El domingo te lo saco  je je

----------


## Frikimaster

Entonces... a las 10:00 En el FNAC? =)

Ahí estaré.


Frikimaster

----------


## Pep Maria Magic

Yo no creo que pueda ir, lo tengo un poco saturadillo de bolos y he de dedicar algo de tiempo a la family, que si no me cambiaran el nombre por el mago sin bolas, jejejeje

----------


## Magnano

Me parece bien, ¿os importa si me traigo mi gnomo?

----------


## Ritxi

...yo iré con mi gnomito Roger

----------


## Magnano

Por cierto, tengo problemas con renfe, no aseguro estar a la hora, mi intención era ir un poco antes incluso para relajarme y preparar algo, pero a ver que pasa.

Allí nos vemos

----------


## Ritxi

Si te va mejor pararte en sanfe vamos juntos

----------


## Magnano

Ok, pero aviso que estaré en sant Feliu sobre las 9.22

----------


## Ritxi

> Ok, pero aviso que estaré en sant Feliu sobre las 9.22


 
Perfecto!!  pues quedamos en la estación
Si vienes sobre las 7 le das tú el bibe  :302:

----------


## Magnano

No que el sabado noche salgo, que sino...

----------


## SERX

Yo igual me paso tambien en principio... ¿quien va al final?    yo seguramente vaya no tengo nada mejor que hacer. 

A las 10h en el FNAC?

Nos vemos alli... yo igual tambien me passo por Sanfe si quereis...

Nos vemos...   :Wink1:

----------


## Magnano

Como gustes, tengo ganas de conocerte serx, ven cuando puedas.

----------


## Ritxi

Por lo que sea os doy mi núm ***.***.***

----------


## Dieani

Buenas a todos.

Yo finalmente voy, a las 10 en el Fnac del triangle.

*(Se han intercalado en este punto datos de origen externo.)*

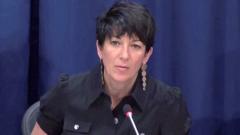 Ghislaine Maxwell speaks at a news conference about oceans and sustainable development at the United Nations in New York in 2013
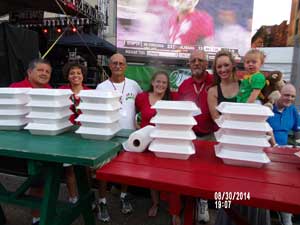 Scene from the West Virginia Italian Heritage Festival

Estaré lo que pueda ya que luego tengo cosas que hacer.

Saludos y hasta mañana.

----------


## Ming

Victor, si te llevas el portatil te paso las fotos.
... sino avisa y tu te llevas el USB y y el portatil...

----------


## Dieani

Buenas Ming.

Vale me llevaré el portátil.

Muchas gracias.

Saludos y hasta mañana.

----------


## Ritxi

Hasta mañana!!

Ritxi i Roger  :302:   :Smile1:

----------


## Magnano

¡Ei!
Que me han dicho como llegar a barcelona sin tener que dar un rodeo taaaan grande, os espero directamente en el FNAC, muchas gracias por la preocupación Ritxi. Por cierto, ¿cuándo acabará?

----------


## Ritxi

Yo, a las 14:00h en casa que el Roger tiene que dormir la siesta

----------


## Magnano

Me parece bien.

----------


## Frikimaster

Me parece bien a mi también, que luego tengo un cumple y quiero quedar con mi señora =)



Frikimaster

----------


## SERX

Nos vemos a las 10h en el FNAC!!! 

Yo soboe la 13:30 cojere el tren que tengo comida en casa y no es plan de no ayudar...

 :Wink1:

----------


## Dieani

Buenas

Ha sido un placer estar con todos, conocer a los nuevos y los ya conocidos. Una rápido para enriquecernos en ideas jejeje

Saludos y hasta la próxima que ya tengo mono.

----------


## Magnano

Yo también tengo el mono... jajajaj, a ver cuando se organiza otra, estaria bien hacer una al mes, no es muy difícil comprometerse un domingo al mes, ¿no?

----------


## SERX

Un placer conoceros craks!!!

Esperemos quedar mas, haver si nos animamos mas y quedamos una vez al mes buana ideea yo me apunto!!!

----------


## Frikimaster

El placer es mio!,Que soy el nuevo.

He quedado encantadísimo con vosotros la verdad =), como han dicho por aquí no estaría nada mal comprometerse un domingo al mes.

Si quereis podemos hacerlo para el siguiente dia 18, 18 de Mayo =)


Nota: os iré pidiendo facebook y demás cuando pueda >.<


Frikimaster

----------